Publishing and maintaining a large directory structure

I have a process that’s producing a new file every minute, and I’d like to make all of these files available over IPFS. In particular, I’d like the entire set of files to be easily accessible to anyone.

When these files are produced, I organize them into a tree structure of Year-Month-Day-Hour hierarchical directories with 60 minute files in the Hour directory. Over the course of a year, I’ll produce a few hundred thousand files that are organized in this way.

To make all of this available over IPFS, I assume that I can simply use IPNS on the top node (e.g. the Year directory). If I update this every time I add a new file (every minute), everything should be available and always up to date.

So my question is: Is this the right way to do this? It seems to me that to hash the topmost node, hashes for a few hundred thousand files will need to be calculated which doesn’t seem so efficient. Is there a better way to do this?

1 Like

That should be no problem whatsoever, as long as there are not too many children at one level, which won’t be the case with your chosen directory structure.

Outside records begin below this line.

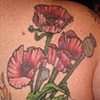 Fleurs et feuilles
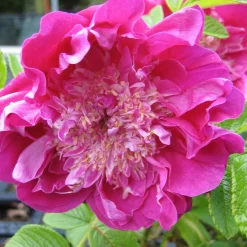 Rosier Pompom Perfume ® pivoine - Des roses parfumées sans effort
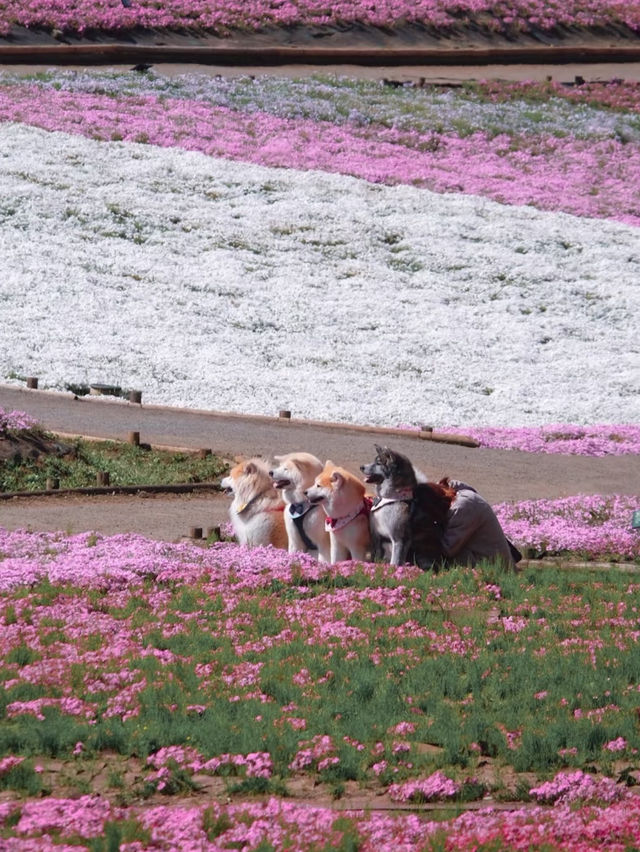 Hey! 🌸 A Pink Shiba Sakura Sea Near Tokyo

That’s not how it works. In a merkle dag, the hash of a branch is computed by hashing the hashes of the children. So even if you have a very large hierarchical structure, the effort for computing the new root hash is tolerable. It is usually dominated by the effort for hashing the new content, which has to be done anyway to add it to ipfs.

Hint for doing this: the ipfs object patch command is what you want. Basically, you start with an empty directory, and then use object patch add-link -p -- <current> <path> <value>, where current is the hash of the current directory, path is a / separated path, and value is the hash of the new entry (file or directory). In your case path would be e.g. ‘2018/06/01/19’.

The command produces a new directory and returns the hash of that. You need to persist it somewhere. The usual recommendation is to use IPNS, but an alternative is to just directly update a dns record. At actyx.io , we found using DNS (aws route53) more reliable than IPNS. YMMV.